## PROBLEM STATEMENT
Please transcribe exactly the line that holds "철, 비타민 B12, A, D3, K2, 조류" and all lines that follow it to the end of the records below, omitting any pictures.

## RECORD EXTRACTS
--------------------------------------------------

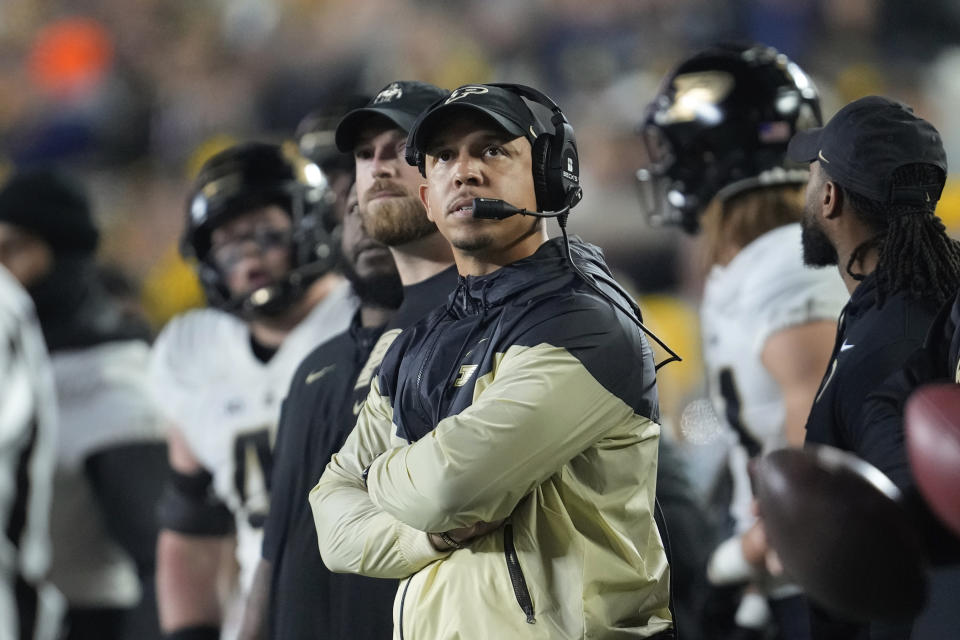 Purdue head coach Ryan Walters watches against Michigan in the first half of an NCAA college football game in Ann Arbor, Mich., Saturday, Nov. 4, 2023. (AP Photo/Paul Sancya)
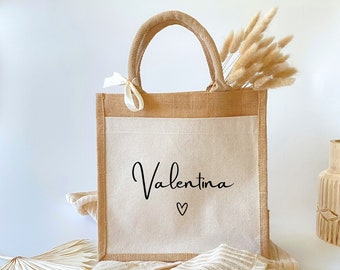 Sac de jute personnalisé avec nom | Sac à provisions | Sac de marché | Sac de plage | Cadeau femme maman petite amie | Anniversaire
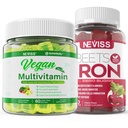 철, 비타민 B12, A, D3, K2, 조류 오메가 3, 마그네슘, 아연을 가진 여자 남자를 위한 Vegan Multivitamin를 가진 Vegan 철 Gummies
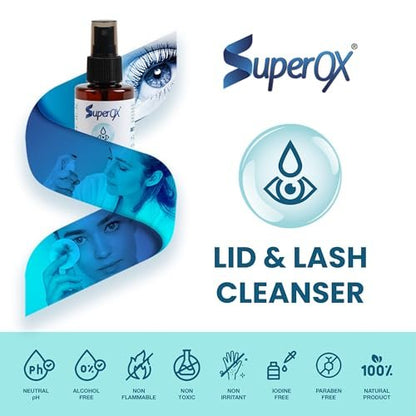 Superox Hypochlorous Acid Spray for Face – Natural Eyelid Cleanser – Pure & Gentle Hypochlorous Acid Spray, 100 ml (3.38 oz) Avelisse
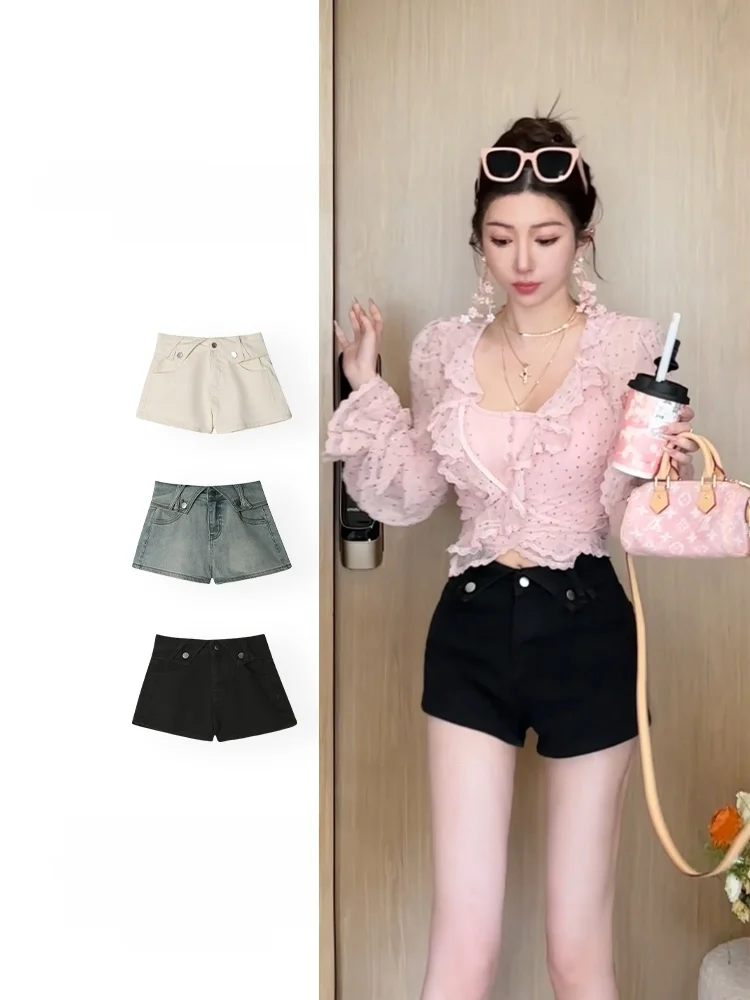 

Модные универсальные джинсовые шорты с высокой талией и прямыми штанинами из хлопка, летняя коллекция, скидка, для женщин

--------------------------------------------------

## EXERCISE ANSWER
 철, 비타민 B12, A, D3, K2, 조류 오메가 3, 마그네슘, 아연을 가진 여자 남자를 위한 Vegan Multivitamin를 가진 Vegan 철 Gummies
 Superox Hypochlorous Acid Spray for Face – Natural Eyelid Cleanser – Pure & Gentle Hypochlorous Acid Spray, 100 ml (3.38 oz) Avelisse

Модные универсальные джинсовые шорты с высокой талией и прямыми штанинами из хлопка, летняя коллекция, скидка, для женщин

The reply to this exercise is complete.